Anyone looking for excitement in the final round of the US Open is at the wrong major. They call it the toughest test in golf for a reason. This championship is won by not losing. And if the expectations are any different, blame it on the false expectations created by Torrey Pines. That is where Tiger Woods delivered perhaps the most riveting US Open in the past 10 years.
The lasting images from 2008 at Torrey Pines are Woods holing a 12ft birdie putt on the final hole to force a play-off, Rocco Mediate making the long, downhill birdie putt on the 15th hole to take the lead in the play-off, and Woods making another birdie on the 18th to force extra holes. The stage was set for such dramatics on Sunday at Pebble Beach. Graeme McDowell was in front and three of the best players from this generation - Woods, Phil Mickelson and Ernie Els, with a combined 184 victories and 21 majors - were poised to chase him down.
The chase turned into a five-car crash. The top five players on the leaderboard, including Gregory Havret of France, combined to make two birdies on the back nine. One of them came from Els, whose five-iron on the par-3 12th hopped out of the rough and rolled two feet away. The other came from Woods, who blasted out of the bunker fronting the 14th green to inside a foot. Two things stand out about McDowell's victory. He started the final round three shots out of the lead, closed with a three-over 74 and won the championship.
"I was surprised," said McDowell, whose 74 was the highest final round by a US Open champion since Andy North shot a 74 at Oakland Hills in 1985. "I didn't think three-over par was going to get the job done today. I really didn't." It was the second year in a row that the US Open champion made only one birdie in the final round. Lucas Glover waited until the 16th hole at Bethpage Black, McDowell hit his at the par-5 fifth.
Augusta National has restored the roars to the Masters with clever hole locations and allow for birdies and eagles. YE Yang's biggest moment at Hazeltine in the PGA Championship last year was chipping in for eagle. The British Open has a little of everything, depending on the links and the wind. The US Open is more about survival. Always has been. Of the final five groups that teed off, Davis Love III was the only player who did not succumb to par. He shot an even-par 71.

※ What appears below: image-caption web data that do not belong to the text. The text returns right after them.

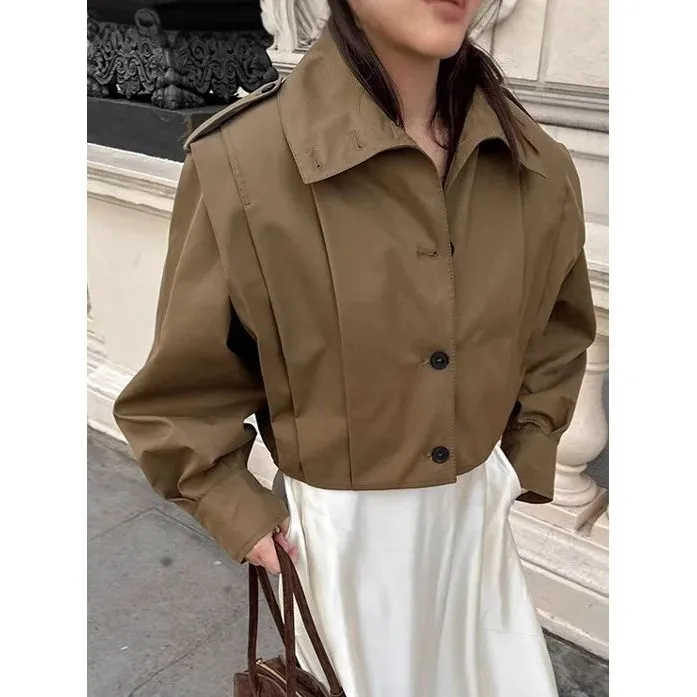 

Brown Oversized Crop Jaet Women's Cleanfit Sle Polyester Fabric A-Line Sve Irregular ape Winter Collection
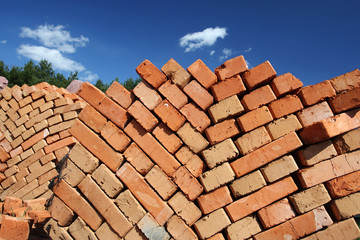 clay bricks stacked.
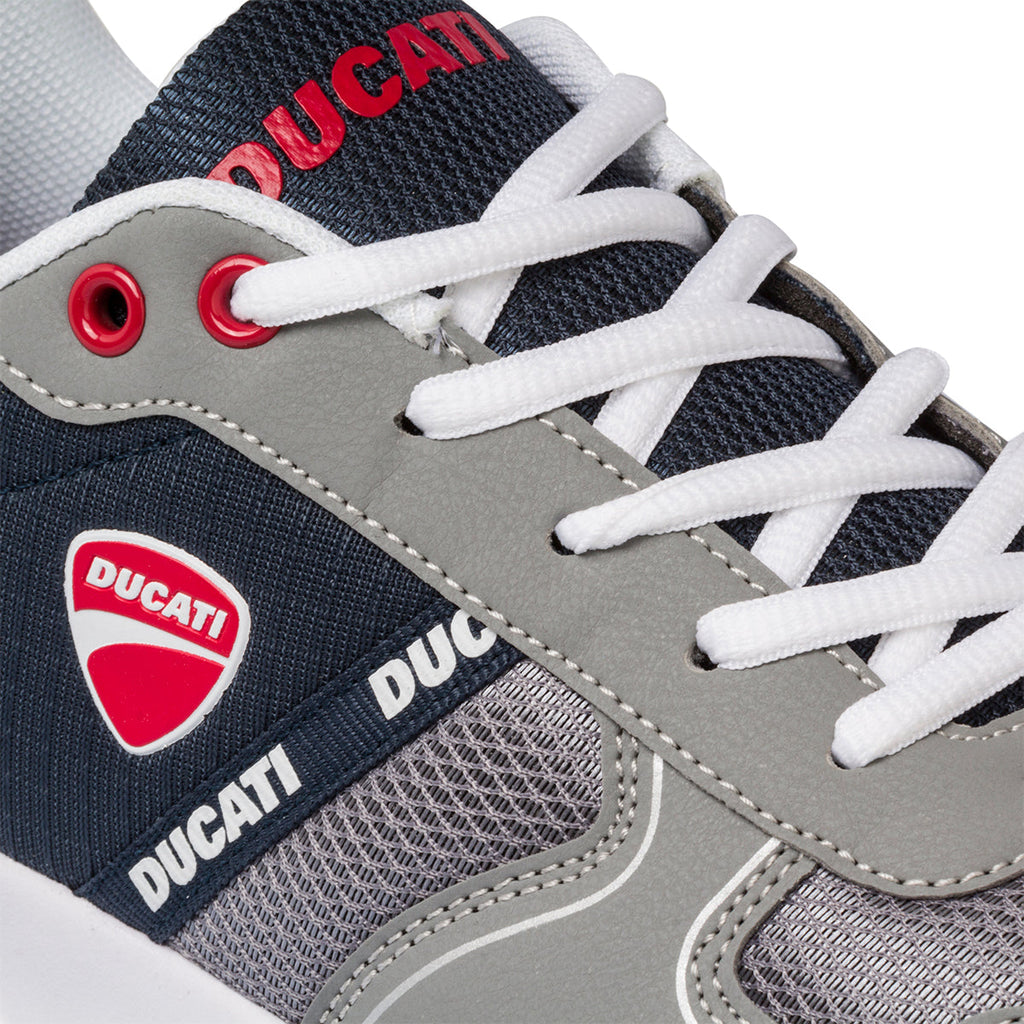 Sneakers grigie e blu da bambino con logo laterale Ducati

The course did not appear any more daunting the previous three days, with some accessible hole locations, although it was the fastest it had played all week. That was the biggest difference. If there was more, Mickelson was not telling. "I'm not really sure," the Masters champion said when asked why Pebble Beach was so tough. "I kind of know, but I would rather not get into it. It just doesn't sound good. I mean, it was just tough. It was a tough day on the golf course."
Woods did not say anything bad about the greens. This time, he blamed himself for three mental mistakes - his club selection off the par-5 sixth that went over the cliff to turn birdie into bogey; his sand wedge down the side of the cliff on the 10th for a bogey; and his club selection and shot on the 12th, another bogey. Woods closed with a 75 and finished three shots behind in a tie for fourth. "The only thing it cost us was a chance to win the US Open," he said.
As for Els? He lost his way along the Pacific coast, twice hitting shots down the side of the hill toward the beach on the 10th hole for double bogey, and the bogeys he made before and after that hole did not help. McDowell, a 30-year-old from Northern Ireland, might have spoken for everyone when he talked about the test the US Open provided on the final day. "No matter how good you play," he said, "good golf got rewarded, and bad golf got punished really badly."